Eight million children
Cram down one long road,
With no options
With no trees
With no shady places to rest,
With no idea of where they’re going.
Suck in the air
Full of deodorant spray,
I see unemployed graduates
Covered in sweat along the highway;
I see pregnant women
Queuing for pension money.
And in the sky:
The technocrats sprout
That the country is lazy
That the country has to be developed,
Must be “upgraded”,
Made to fit technology that’s imported.
Mountains tower skyward.
The sky a festival of colors at sunset.
And I see
Protests that are pent up
Squeezed under mattresses.
But my questions
Bang into the foreheads of salon poets,
Who write about grapes and the moon
While injustices happen all around them,
And eight million children with no education
Gape at the feet of the goddess of art.
The future hopes of the nation,
Stars swirling in front of their faces,
Below neon advertisements.
The hopes of millions of mothers and fathers
Meld into a gaggle of clamoring voices,
Become a reef under the surface of the ocean.

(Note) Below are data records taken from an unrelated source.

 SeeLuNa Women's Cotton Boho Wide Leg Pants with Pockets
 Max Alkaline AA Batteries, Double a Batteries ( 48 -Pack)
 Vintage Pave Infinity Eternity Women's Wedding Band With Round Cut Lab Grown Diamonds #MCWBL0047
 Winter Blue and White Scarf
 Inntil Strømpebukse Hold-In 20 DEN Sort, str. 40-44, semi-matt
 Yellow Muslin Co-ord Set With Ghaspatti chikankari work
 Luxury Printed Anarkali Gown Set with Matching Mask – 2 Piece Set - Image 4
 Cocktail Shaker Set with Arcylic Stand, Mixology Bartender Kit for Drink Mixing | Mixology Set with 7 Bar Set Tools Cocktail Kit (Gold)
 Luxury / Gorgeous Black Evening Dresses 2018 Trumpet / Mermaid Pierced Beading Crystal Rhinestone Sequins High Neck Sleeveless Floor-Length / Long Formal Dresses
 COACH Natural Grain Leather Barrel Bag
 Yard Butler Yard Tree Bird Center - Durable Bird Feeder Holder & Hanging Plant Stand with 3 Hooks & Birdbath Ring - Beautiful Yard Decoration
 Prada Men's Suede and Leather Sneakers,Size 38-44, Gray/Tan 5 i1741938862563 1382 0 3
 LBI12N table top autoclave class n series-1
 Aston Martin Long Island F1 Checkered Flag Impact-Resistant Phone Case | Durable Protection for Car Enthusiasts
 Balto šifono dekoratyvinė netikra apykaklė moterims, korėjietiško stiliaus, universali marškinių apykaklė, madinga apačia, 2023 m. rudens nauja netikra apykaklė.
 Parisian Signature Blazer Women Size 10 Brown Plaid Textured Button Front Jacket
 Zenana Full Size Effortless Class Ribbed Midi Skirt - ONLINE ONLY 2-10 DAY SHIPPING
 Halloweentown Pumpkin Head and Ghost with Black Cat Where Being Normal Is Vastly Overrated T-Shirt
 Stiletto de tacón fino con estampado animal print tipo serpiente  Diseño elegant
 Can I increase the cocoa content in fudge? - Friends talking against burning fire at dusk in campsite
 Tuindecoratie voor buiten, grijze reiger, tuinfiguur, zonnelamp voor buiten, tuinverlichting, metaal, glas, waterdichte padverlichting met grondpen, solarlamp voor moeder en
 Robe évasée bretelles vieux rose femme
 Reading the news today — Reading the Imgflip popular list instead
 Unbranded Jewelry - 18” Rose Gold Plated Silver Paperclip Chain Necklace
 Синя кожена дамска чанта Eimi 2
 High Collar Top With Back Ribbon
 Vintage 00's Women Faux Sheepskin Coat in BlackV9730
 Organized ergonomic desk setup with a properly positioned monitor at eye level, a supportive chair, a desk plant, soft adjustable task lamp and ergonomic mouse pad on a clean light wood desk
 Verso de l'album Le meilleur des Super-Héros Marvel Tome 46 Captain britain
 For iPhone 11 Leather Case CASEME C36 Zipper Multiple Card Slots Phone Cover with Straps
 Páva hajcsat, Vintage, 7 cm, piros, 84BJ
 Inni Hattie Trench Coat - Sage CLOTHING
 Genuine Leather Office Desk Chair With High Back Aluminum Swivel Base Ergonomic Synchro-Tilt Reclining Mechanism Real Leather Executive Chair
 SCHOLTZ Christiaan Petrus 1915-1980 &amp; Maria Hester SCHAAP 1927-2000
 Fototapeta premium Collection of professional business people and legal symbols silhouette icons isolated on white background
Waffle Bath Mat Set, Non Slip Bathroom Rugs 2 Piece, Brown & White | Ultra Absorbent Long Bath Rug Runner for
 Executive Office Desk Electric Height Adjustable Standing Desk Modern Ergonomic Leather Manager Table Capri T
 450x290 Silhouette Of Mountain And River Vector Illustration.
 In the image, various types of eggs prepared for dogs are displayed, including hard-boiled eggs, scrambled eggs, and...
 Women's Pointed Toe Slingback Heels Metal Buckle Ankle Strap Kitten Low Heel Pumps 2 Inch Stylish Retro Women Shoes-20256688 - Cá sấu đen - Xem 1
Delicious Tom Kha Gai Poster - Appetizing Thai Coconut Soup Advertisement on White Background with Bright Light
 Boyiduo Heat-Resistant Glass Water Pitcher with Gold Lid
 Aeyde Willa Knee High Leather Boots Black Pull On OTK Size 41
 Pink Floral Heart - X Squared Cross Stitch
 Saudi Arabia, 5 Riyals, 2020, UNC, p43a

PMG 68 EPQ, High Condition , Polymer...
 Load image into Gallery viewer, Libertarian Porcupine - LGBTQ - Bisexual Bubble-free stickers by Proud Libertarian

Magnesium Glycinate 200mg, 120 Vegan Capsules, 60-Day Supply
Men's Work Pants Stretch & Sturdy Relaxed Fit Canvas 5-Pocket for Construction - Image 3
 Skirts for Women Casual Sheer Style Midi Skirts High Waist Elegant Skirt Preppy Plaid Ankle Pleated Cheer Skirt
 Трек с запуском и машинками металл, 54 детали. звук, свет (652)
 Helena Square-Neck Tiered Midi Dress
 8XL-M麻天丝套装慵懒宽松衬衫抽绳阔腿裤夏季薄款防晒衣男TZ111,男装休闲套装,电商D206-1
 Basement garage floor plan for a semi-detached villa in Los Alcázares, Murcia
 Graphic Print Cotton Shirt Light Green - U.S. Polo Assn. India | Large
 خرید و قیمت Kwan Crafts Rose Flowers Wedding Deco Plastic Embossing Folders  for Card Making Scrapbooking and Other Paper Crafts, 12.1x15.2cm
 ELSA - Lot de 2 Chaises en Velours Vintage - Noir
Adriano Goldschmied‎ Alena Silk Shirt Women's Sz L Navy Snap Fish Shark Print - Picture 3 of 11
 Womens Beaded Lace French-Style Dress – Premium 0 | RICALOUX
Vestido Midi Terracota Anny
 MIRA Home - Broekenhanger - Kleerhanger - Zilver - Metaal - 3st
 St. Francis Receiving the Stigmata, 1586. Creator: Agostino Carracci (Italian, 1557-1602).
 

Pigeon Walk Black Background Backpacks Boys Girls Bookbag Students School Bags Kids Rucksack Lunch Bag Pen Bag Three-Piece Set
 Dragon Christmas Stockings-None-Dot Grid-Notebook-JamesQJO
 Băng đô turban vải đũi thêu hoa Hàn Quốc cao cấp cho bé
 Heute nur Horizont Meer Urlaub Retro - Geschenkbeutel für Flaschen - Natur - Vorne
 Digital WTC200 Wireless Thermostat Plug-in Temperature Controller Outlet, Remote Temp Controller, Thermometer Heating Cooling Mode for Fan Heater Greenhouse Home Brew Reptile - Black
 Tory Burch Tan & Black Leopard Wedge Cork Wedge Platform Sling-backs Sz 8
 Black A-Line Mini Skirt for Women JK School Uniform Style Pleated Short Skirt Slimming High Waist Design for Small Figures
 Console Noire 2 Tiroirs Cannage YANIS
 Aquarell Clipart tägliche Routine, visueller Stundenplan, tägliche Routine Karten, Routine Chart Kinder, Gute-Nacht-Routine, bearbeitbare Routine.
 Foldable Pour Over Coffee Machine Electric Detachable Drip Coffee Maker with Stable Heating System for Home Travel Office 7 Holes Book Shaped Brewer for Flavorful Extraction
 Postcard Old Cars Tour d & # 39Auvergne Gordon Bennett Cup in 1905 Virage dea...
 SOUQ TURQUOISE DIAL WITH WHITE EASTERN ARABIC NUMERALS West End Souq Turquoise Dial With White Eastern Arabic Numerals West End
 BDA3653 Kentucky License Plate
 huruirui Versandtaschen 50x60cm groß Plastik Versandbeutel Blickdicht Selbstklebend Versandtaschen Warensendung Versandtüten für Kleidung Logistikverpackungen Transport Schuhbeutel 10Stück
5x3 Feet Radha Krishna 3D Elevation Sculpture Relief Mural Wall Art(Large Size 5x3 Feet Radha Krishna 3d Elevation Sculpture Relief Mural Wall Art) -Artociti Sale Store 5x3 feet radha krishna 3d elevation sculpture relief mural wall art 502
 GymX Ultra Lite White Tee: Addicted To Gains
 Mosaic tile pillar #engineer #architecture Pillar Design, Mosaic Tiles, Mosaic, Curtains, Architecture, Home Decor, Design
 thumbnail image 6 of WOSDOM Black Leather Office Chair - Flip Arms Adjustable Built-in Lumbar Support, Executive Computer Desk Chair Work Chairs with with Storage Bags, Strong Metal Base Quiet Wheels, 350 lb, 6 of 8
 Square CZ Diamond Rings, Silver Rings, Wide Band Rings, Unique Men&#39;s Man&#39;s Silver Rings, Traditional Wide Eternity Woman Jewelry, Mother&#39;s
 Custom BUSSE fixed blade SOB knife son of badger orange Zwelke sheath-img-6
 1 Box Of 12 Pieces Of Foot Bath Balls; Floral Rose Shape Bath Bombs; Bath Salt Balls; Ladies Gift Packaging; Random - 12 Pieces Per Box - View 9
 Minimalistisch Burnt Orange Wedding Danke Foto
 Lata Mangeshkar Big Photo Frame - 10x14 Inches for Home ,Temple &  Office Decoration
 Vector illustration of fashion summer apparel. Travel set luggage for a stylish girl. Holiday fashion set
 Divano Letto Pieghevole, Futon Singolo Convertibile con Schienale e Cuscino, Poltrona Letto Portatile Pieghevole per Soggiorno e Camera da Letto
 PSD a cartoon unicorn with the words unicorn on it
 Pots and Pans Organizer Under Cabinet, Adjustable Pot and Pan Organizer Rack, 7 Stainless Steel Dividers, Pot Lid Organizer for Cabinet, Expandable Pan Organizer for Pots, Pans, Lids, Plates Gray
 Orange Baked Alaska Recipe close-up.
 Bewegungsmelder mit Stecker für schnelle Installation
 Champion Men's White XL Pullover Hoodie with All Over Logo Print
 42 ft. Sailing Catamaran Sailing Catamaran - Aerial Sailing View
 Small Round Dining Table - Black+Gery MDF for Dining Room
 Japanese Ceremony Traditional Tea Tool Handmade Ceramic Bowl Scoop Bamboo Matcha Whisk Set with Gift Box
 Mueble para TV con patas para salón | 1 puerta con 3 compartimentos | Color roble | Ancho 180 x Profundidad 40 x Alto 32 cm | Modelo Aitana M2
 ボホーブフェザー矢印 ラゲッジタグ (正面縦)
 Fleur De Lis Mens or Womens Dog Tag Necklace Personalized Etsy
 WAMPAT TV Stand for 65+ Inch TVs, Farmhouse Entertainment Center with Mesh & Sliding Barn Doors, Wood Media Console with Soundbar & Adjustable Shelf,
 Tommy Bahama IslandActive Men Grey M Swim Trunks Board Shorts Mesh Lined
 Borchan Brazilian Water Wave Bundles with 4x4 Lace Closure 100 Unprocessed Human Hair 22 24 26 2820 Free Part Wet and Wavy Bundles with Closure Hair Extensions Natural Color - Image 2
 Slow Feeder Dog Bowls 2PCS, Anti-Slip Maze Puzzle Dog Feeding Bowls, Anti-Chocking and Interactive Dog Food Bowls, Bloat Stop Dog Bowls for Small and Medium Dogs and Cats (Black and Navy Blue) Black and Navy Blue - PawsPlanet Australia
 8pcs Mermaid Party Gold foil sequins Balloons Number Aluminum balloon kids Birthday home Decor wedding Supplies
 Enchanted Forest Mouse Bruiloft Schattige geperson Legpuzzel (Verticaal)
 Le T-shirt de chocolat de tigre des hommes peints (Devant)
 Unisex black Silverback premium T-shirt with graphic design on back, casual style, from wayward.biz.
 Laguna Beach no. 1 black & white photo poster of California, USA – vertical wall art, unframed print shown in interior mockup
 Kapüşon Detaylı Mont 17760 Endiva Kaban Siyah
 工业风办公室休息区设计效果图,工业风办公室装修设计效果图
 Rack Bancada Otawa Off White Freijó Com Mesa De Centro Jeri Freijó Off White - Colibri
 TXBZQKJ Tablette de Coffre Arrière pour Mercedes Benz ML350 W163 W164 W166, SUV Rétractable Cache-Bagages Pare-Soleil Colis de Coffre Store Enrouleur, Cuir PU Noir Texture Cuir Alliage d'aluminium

We have to stop buying foreign formulas.
Textbooks can only provide methods,
But we ourselves have to formulate our condition.
We have to come out into the streets,
Go into the villages,
See for ourselves all the indicators
And experience the real problems.
This is my poem,
A pamphlet for a time of emergency.
What is the point of art,
If it’s cut off from the suffering around it
What is the point of thinking
If it’s cut off from the problems of life.
19 August 1977
This version of Poem for a Cigar (Sajak Sebatang Lisong) comes from State of Emergency, W.S. Rendra, Wild & Woolley, Glebe, 1978, p. 12.